School/department Department of Philosophy
Faculty Faculty of Arts

Description

This unit introduces the student to the analysis of arguments. It provides students with the tools to discern and analyze the structure of an argument, to distinguish good arguments from bad ones, to understand commonly encountered forms of reasoning, and to diagnose common ways in which arguments and reasoning may be flawed or misleading. Students will also be introduced to the tools of Formal Logic and taught how to use these to make arguments more precise and to evaluate their correctness in precise and rigorous ways. Topics covered will typically include the analysis of the sort of informal arguments occurring in everyday life (including statistical reasoning), as well as the exploration of common fallacies in reasoning, the effects of various biases (including implicit bias), and the way certain forms of propaganda work.

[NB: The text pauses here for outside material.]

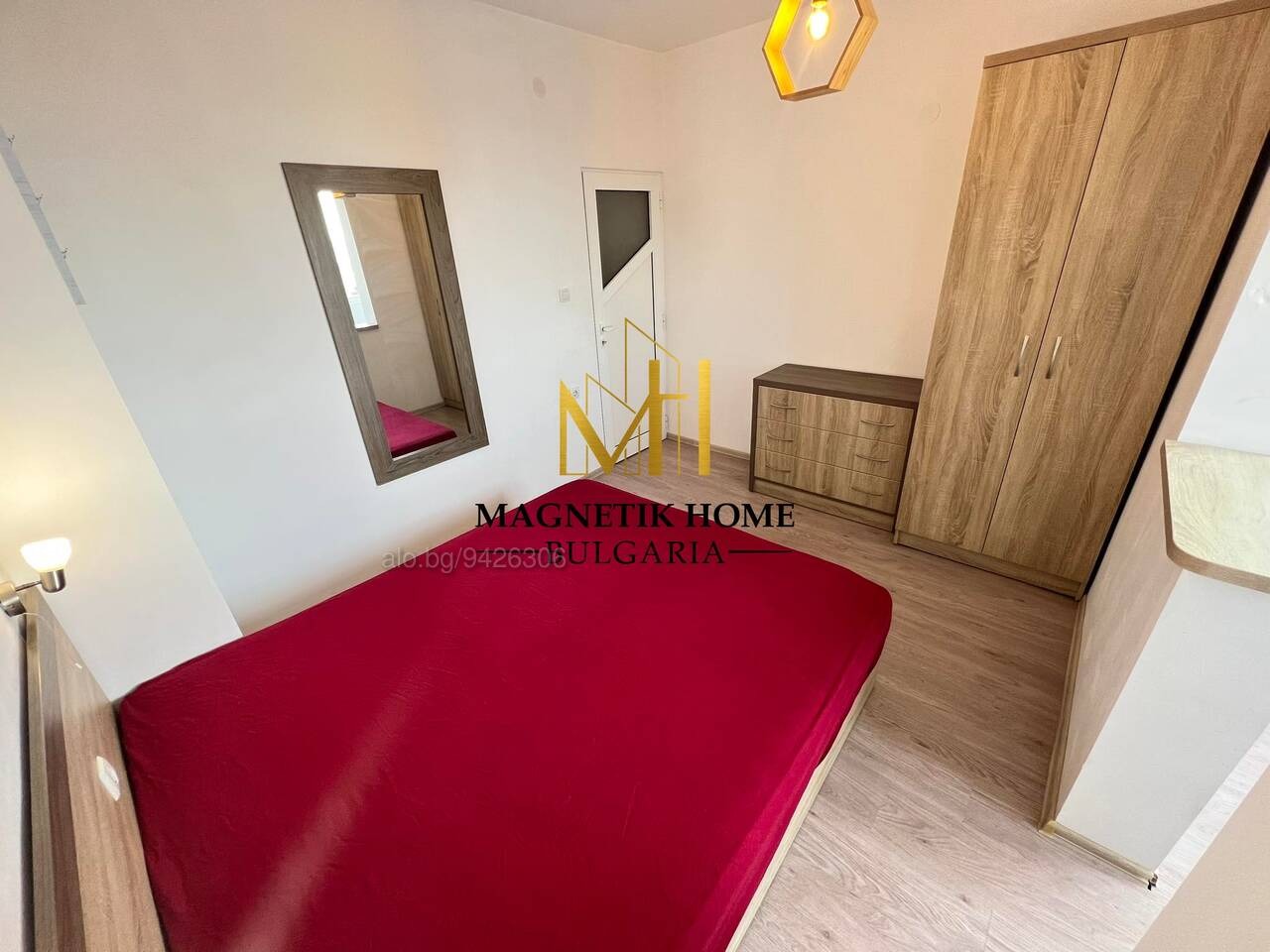 ���� ��� ���� 2-����� | Imot.bg � ����������� 7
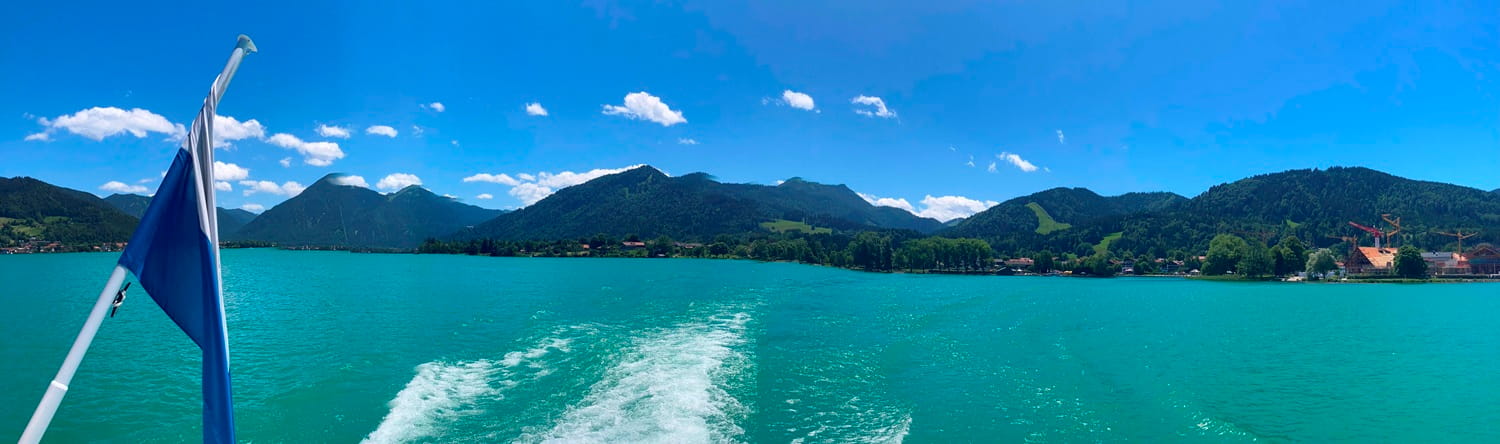 Panoramabild vergr��ern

Intended learning outcomes

On successful completion of the unit the students will be able to:

  1. Demonstrate a thorough knowledge of the key ideas in elementary logic, including deduction, validity, soundness, proof;
  2. Demonstrate familiarity with the propositional calculus and predicate calculus;
  3. Analyse both the overall structure and the precise logical form of arguments and be able to translate arguments from English into the propositional calculus and predicate calculus;
  4. Construct clear arguments and proofs, both formally and informally;
  5. Demonstrate an appreciation of the role and importance of evidence;
  6. Demonstrate an understanding of certain important forms of formal and informal reasoning (e.g. statistical inference);
  7. Identify common fallacies and biases in reasoning;
  8. Be reflective about their own reasoning; be less susceptible to committing fallacies and be less liable to bias.

Teaching details

22 x 1 hour lectures

11 x 1 hour seminars

Assessment Details

Summative: 3 hour unseen exam (100%) designed to test ILOs 1-8

Formative: Regular short on-line problem sets designed to test ILOs 1-8

Reading and References

Bowell, T., and G. Kemp, Critical Thinking, Routledge, 2002.

Barwise, J., and J. Etchemendy, The Language of First Order Logic, CSLI Press, 1993.

Stanley, J., How Propaganda Works, Princeton University Press, 2016.